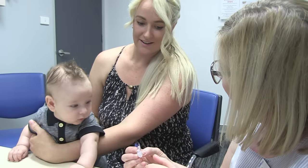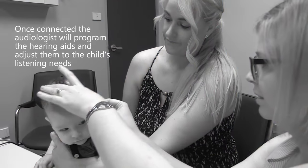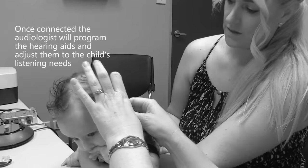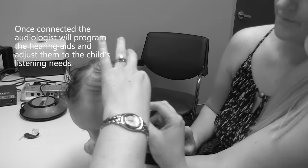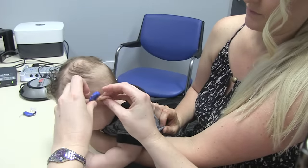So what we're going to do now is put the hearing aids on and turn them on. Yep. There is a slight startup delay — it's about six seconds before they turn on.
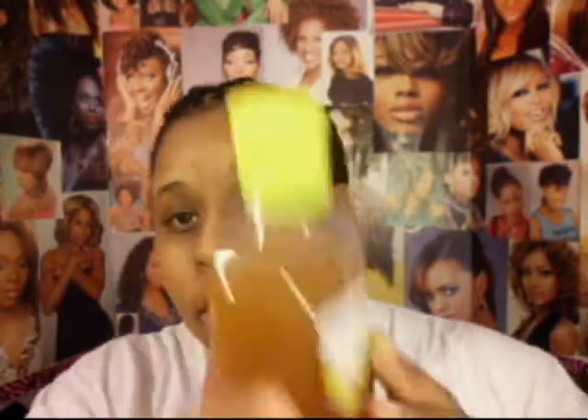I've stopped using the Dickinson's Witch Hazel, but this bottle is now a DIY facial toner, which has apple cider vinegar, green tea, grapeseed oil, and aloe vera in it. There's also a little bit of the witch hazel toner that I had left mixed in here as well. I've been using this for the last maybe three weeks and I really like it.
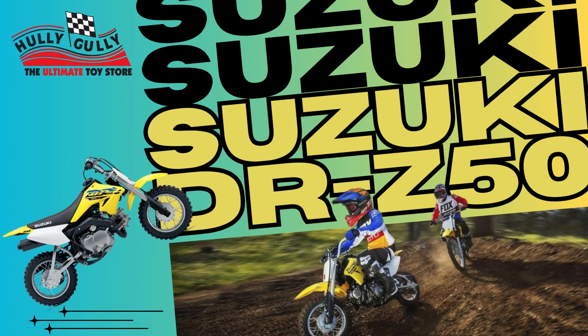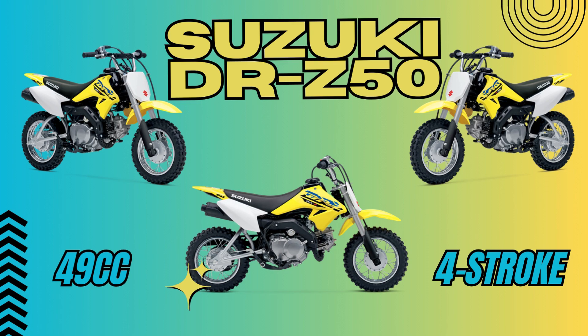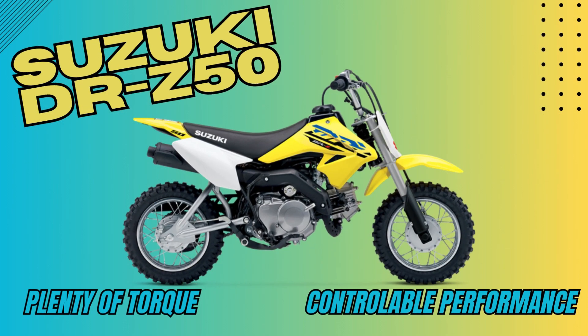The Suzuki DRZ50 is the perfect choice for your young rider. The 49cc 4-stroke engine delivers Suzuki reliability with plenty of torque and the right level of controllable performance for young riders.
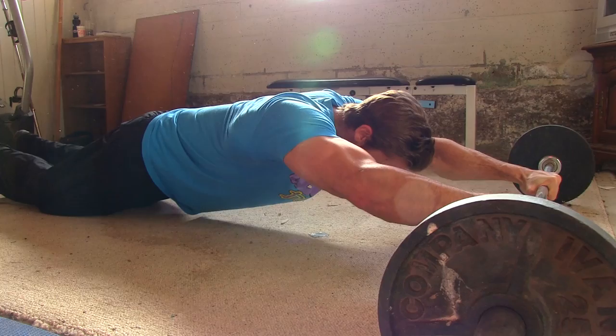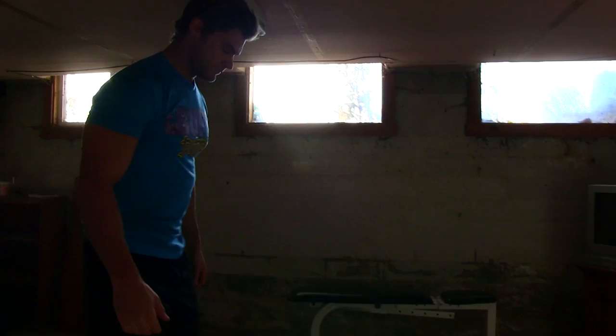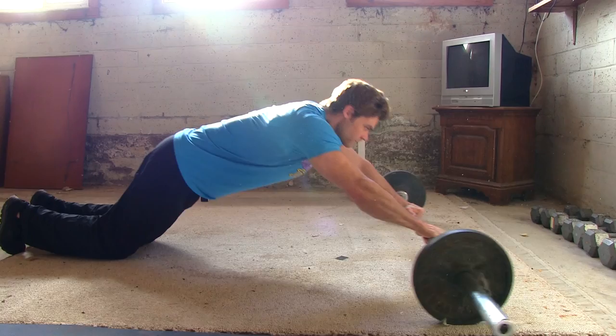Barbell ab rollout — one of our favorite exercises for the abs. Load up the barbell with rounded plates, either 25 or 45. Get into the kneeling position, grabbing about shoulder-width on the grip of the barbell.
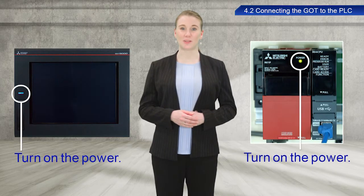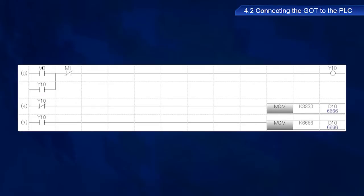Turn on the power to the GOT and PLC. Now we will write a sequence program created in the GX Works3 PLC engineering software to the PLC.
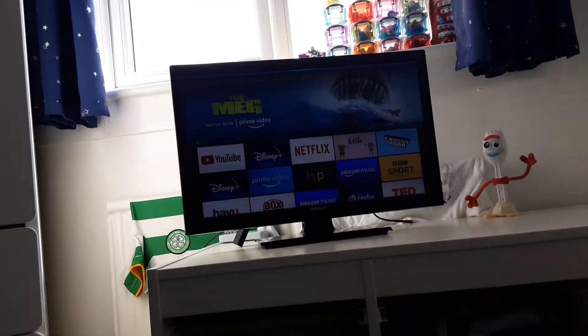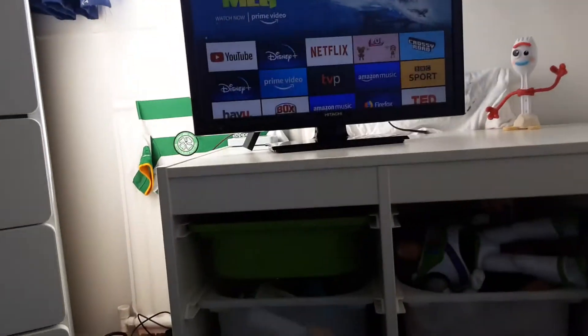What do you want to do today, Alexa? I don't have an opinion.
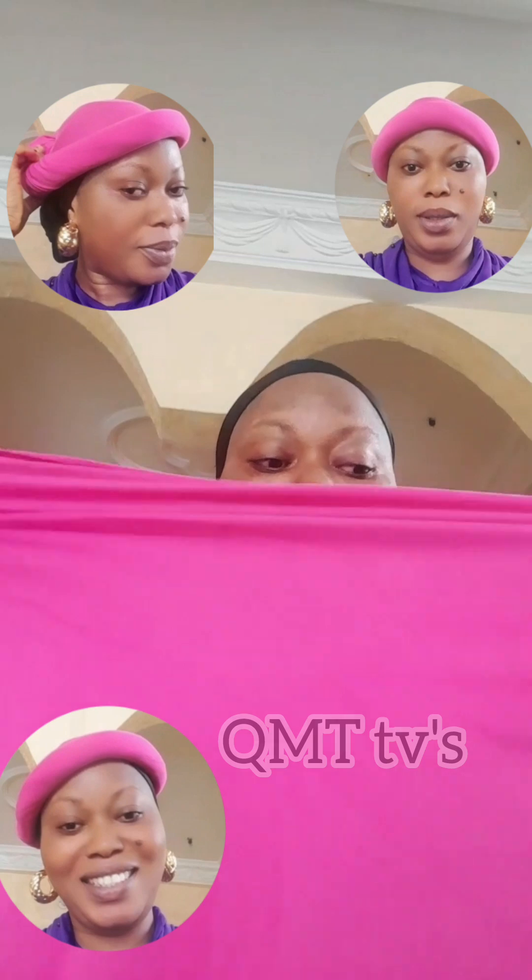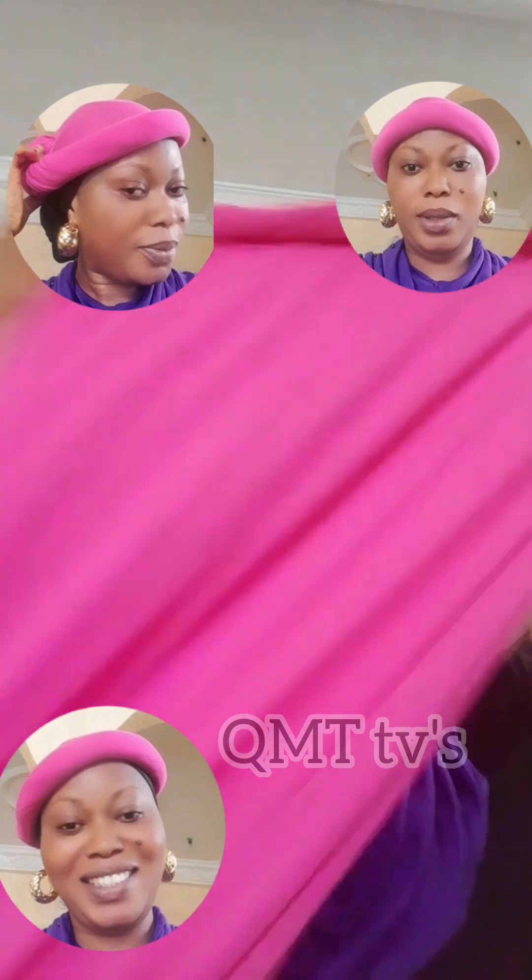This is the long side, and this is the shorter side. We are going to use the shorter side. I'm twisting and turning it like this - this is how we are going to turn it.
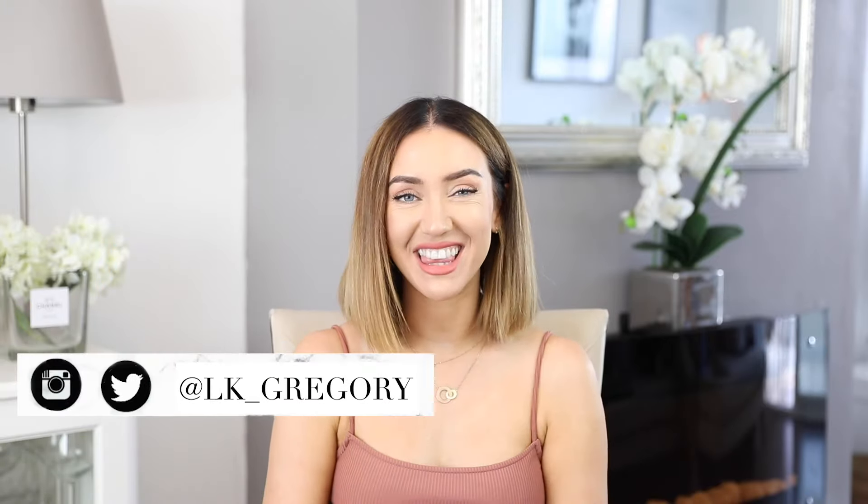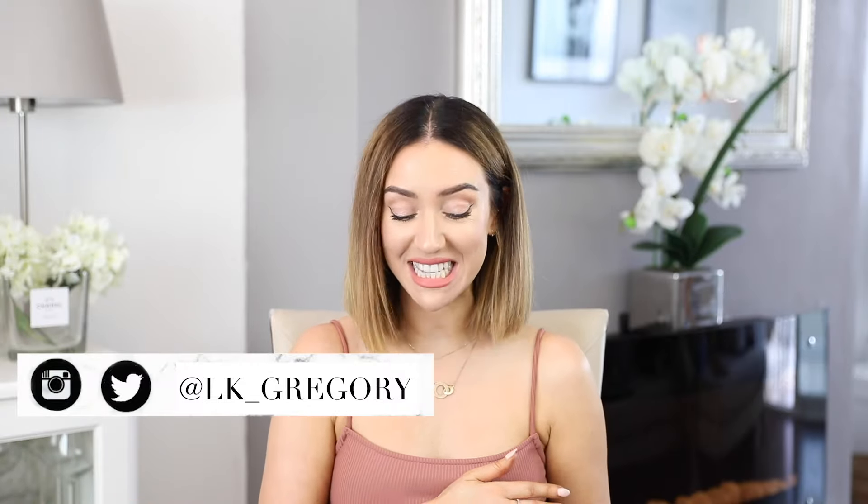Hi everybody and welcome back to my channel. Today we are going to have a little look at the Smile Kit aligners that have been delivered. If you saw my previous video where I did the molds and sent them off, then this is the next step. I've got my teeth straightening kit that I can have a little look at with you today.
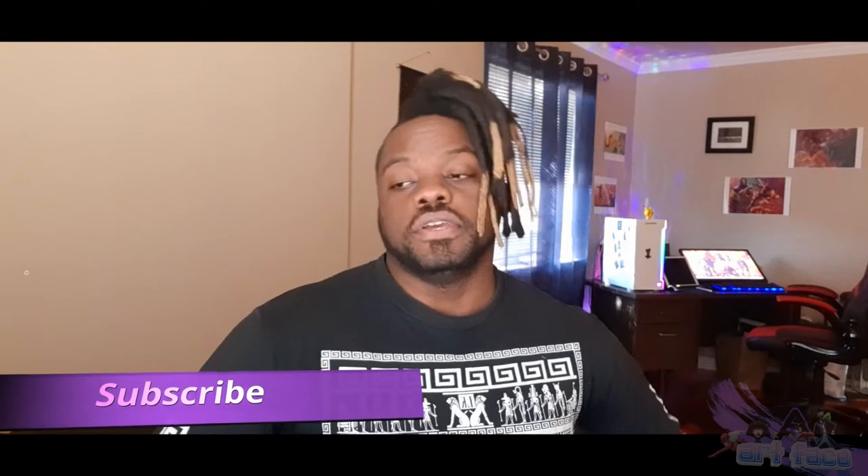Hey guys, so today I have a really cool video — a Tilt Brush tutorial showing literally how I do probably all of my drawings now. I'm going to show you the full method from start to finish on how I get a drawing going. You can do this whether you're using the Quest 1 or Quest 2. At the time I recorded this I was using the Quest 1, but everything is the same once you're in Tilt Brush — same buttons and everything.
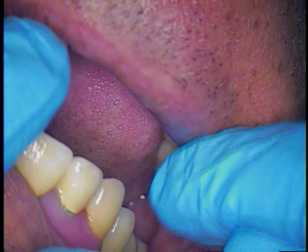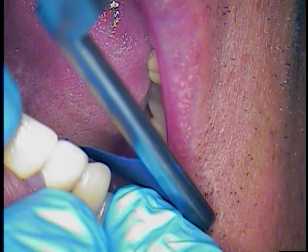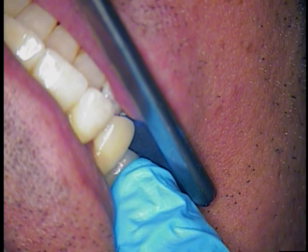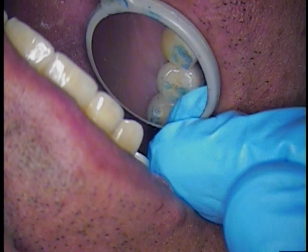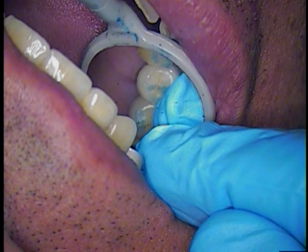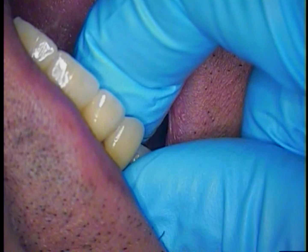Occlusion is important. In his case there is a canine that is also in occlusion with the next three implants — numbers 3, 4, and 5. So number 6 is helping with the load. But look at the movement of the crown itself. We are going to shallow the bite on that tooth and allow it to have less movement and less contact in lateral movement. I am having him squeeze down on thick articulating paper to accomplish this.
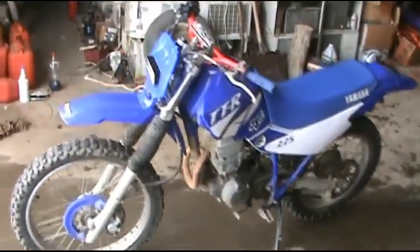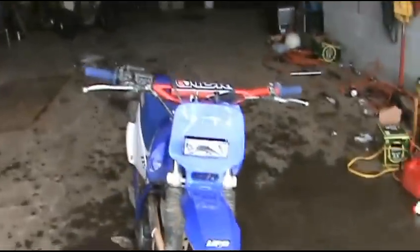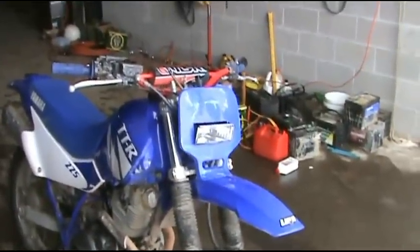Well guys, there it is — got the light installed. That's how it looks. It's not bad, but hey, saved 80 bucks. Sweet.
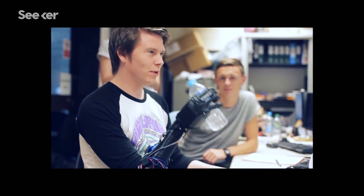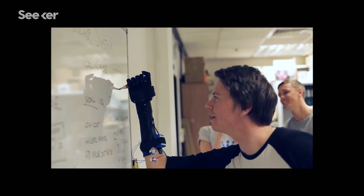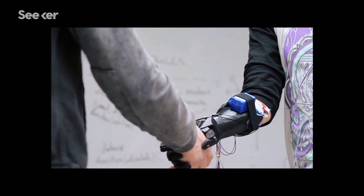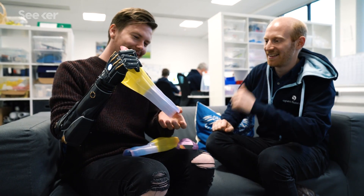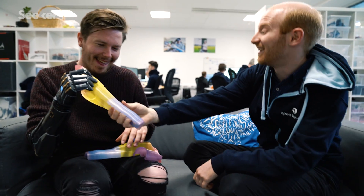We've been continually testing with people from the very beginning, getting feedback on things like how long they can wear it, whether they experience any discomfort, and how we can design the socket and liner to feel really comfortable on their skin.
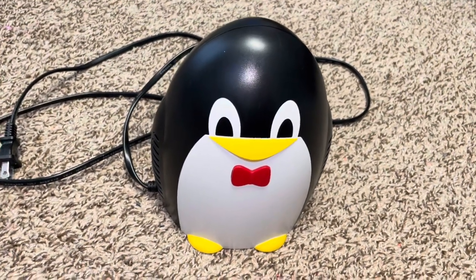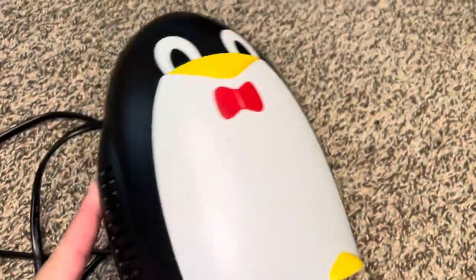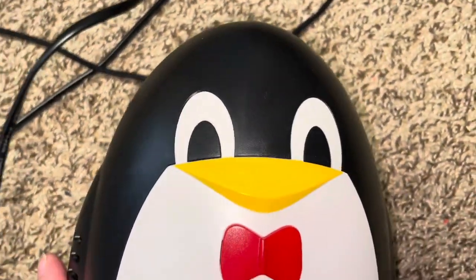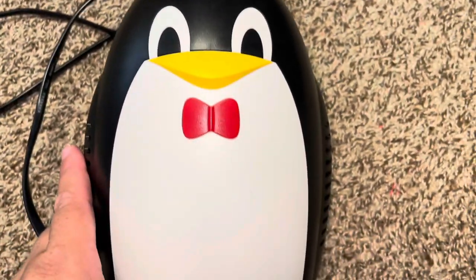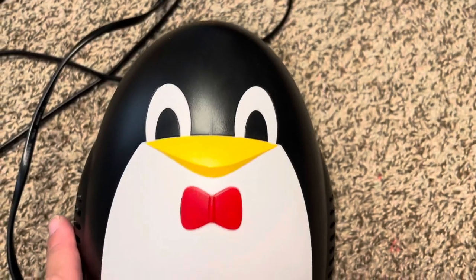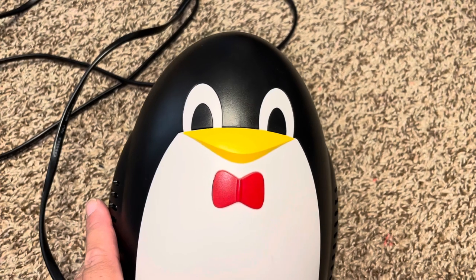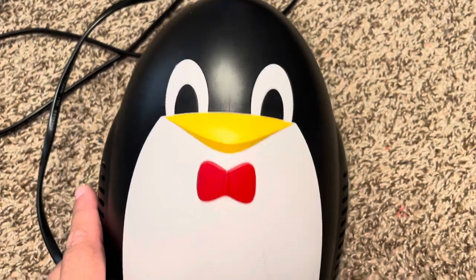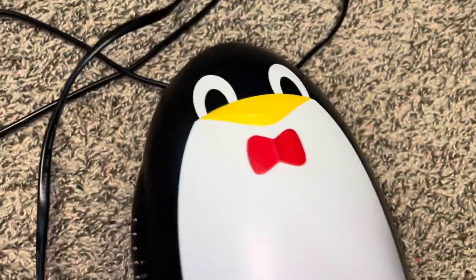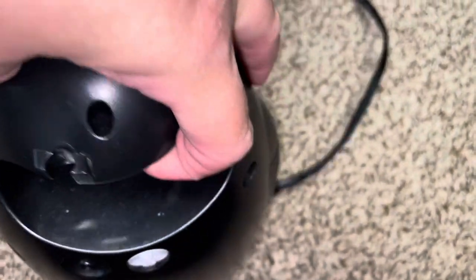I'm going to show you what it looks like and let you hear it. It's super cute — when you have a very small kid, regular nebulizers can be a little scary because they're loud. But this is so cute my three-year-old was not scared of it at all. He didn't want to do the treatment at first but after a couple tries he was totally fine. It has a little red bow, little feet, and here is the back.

Exercise objective —
Say again, exactly, only those lines of the records that run from the start through the line with "Hey guys, so". Pictures are to be skipped.

The completed task —
So what we're going to do now is put the hearing aids on and turn them on. Yep. There is a slight startup delay — it's about six seconds before they turn on.
I've stopped using the Dickinson's Witch Hazel, but this bottle is now a DIY facial toner, which has apple cider vinegar, green tea, grapeseed oil, and aloe vera in it. There's also a little bit of the witch hazel toner that I had left mixed in here as well. I've been using this for the last maybe three weeks and I really like it.
The Suzuki DRZ50 is the perfect choice for your young rider. The 49cc 4-stroke engine delivers Suzuki reliability with plenty of torque and the right level of controllable performance for young riders.
Barbell ab rollout — one of our favorite exercises for the abs. Load up the barbell with rounded plates, either 25 or 45. Get into the kneeling position, grabbing about shoulder-width on the grip of the barbell.
Turn on the power to the GOT and PLC. Now we will write a sequence program created in the GX Works3 PLC engineering software to the PLC.
What do you want to do today, Alexa? I don't have an opinion.
This is the long side, and this is the shorter side. We are going to use the shorter side. I'm twisting and turning it like this - this is how we are going to turn it.
Hi everybody and welcome back to my channel. Today we are going to have a little look at the Smile Kit aligners that have been delivered. If you saw my previous video where I did the molds and sent them off, then this is the next step. I've got my teeth straightening kit that I can have a little look at with you today.
Hey guys, so today I have a really cool video — a Tilt Brush tutorial showing literally how I do probably all of my drawings now. I'm going to show you the full method from start to finish on how I get a drawing going. You can do this whether you're using the Quest 1 or Quest 2. At the time I recorded this I was using the Quest 1, but everything is the same once you're in Tilt Brush — same buttons and everything.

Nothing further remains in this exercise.